• _Work item_
Would you output the whole listing below, exactly as it reads?

[The input]

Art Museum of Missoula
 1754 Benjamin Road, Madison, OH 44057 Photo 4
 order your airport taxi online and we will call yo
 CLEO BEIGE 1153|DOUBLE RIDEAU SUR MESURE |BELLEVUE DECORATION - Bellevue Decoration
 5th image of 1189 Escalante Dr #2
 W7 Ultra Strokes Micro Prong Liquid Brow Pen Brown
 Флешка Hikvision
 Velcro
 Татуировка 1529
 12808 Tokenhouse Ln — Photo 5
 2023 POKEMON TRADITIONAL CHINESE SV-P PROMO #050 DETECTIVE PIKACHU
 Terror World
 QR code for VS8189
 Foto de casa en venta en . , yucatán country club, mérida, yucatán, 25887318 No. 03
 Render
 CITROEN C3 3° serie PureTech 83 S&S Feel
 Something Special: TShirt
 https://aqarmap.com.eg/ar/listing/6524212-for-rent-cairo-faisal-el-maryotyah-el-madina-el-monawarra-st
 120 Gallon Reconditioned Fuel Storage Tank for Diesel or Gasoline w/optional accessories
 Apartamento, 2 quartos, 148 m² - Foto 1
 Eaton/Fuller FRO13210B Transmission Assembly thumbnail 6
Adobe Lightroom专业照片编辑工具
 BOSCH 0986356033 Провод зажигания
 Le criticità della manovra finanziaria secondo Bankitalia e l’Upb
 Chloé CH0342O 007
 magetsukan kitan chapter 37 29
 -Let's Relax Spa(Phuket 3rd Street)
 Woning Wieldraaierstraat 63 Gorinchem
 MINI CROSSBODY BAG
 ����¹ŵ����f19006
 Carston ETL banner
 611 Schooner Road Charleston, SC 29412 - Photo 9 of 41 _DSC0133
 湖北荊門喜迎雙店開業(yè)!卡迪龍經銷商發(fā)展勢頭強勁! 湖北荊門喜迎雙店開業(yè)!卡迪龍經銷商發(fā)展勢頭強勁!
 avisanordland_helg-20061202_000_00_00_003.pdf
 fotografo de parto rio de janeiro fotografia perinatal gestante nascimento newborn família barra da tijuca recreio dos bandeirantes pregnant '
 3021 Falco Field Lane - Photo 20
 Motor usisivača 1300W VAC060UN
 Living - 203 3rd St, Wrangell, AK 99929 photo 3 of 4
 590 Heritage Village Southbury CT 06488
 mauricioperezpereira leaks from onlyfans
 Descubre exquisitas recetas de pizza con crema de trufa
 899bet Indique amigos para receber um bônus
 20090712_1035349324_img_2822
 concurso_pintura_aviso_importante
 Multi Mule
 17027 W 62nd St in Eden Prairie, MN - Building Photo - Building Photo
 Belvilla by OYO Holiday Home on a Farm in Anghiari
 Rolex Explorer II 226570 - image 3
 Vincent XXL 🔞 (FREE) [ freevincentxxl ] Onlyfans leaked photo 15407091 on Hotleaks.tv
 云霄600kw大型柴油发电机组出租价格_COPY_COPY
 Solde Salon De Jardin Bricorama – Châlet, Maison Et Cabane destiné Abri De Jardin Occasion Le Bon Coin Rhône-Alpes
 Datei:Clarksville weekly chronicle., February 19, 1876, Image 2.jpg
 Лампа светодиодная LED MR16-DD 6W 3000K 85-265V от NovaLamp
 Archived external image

[/The input]

• _The answer_
Art Museum of Missoula
 1754 Benjamin Road, Madison, OH 44057 Photo 4
 order your airport taxi online and we will call yo
 CLEO BEIGE 1153|DOUBLE RIDEAU SUR MESURE |BELLEVUE DECORATION - Bellevue Decoration
 5th image of 1189 Escalante Dr #2
 W7 Ultra Strokes Micro Prong Liquid Brow Pen Brown
 Флешка Hikvision
 Velcro
 Татуировка 1529
 12808 Tokenhouse Ln — Photo 5
 2023 POKEMON TRADITIONAL CHINESE SV-P PROMO #050 DETECTIVE PIKACHU
 Terror World
 QR code for VS8189
 Foto de casa en venta en . , yucatán country club, mérida, yucatán, 25887318 No. 03
 Render
 CITROEN C3 3° serie PureTech 83 S&S Feel
 Something Special: TShirt
 https://aqarmap.com.eg/ar/listing/6524212-for-rent-cairo-faisal-el-maryotyah-el-madina-el-monawarra-st
 120 Gallon Reconditioned Fuel Storage Tank for Diesel or Gasoline w/optional accessories
 Apartamento, 2 quartos, 148 m² - Foto 1
 Eaton/Fuller FRO13210B Transmission Assembly thumbnail 6
Adobe Lightroom专业照片编辑工具
 BOSCH 0986356033 Провод зажигания
 Le criticità della manovra finanziaria secondo Bankitalia e l’Upb
 Chloé CH0342O 007
 magetsukan kitan chapter 37 29
 -Let's Relax Spa(Phuket 3rd Street)
 Woning Wieldraaierstraat 63 Gorinchem
 MINI CROSSBODY BAG
 ����¹ŵ����f19006
 Carston ETL banner
 611 Schooner Road Charleston, SC 29412 - Photo 9 of 41 _DSC0133
 湖北荊門喜迎雙店開業(yè)!卡迪龍經銷商發(fā)展勢頭強勁! 湖北荊門喜迎雙店開業(yè)!卡迪龍經銷商發(fā)展勢頭強勁!
 avisanordland_helg-20061202_000_00_00_003.pdf
 fotografo de parto rio de janeiro fotografia perinatal gestante nascimento newborn família barra da tijuca recreio dos bandeirantes pregnant '
 3021 Falco Field Lane - Photo 20
 Motor usisivača 1300W VAC060UN
 Living - 203 3rd St, Wrangell, AK 99929 photo 3 of 4
 590 Heritage Village Southbury CT 06488
 mauricioperezpereira leaks from onlyfans
 Descubre exquisitas recetas de pizza con crema de trufa
 899bet Indique amigos para receber um bônus
 20090712_1035349324_img_2822
 concurso_pintura_aviso_importante
 Multi Mule
 17027 W 62nd St in Eden Prairie, MN - Building Photo - Building Photo
 Belvilla by OYO Holiday Home on a Farm in Anghiari
 Rolex Explorer II 226570 - image 3
 Vincent XXL 🔞 (FREE) [ freevincentxxl ] Onlyfans leaked photo 15407091 on Hotleaks.tv
 云霄600kw大型柴油发电机组出租价格_COPY_COPY
 Solde Salon De Jardin Bricorama – Châlet, Maison Et Cabane destiné Abri De Jardin Occasion Le Bon Coin Rhône-Alpes
 Datei:Clarksville weekly chronicle., February 19, 1876, Image 2.jpg
 Лампа светодиодная LED MR16-DD 6W 3000K 85-265V от NovaLamp
 Archived external image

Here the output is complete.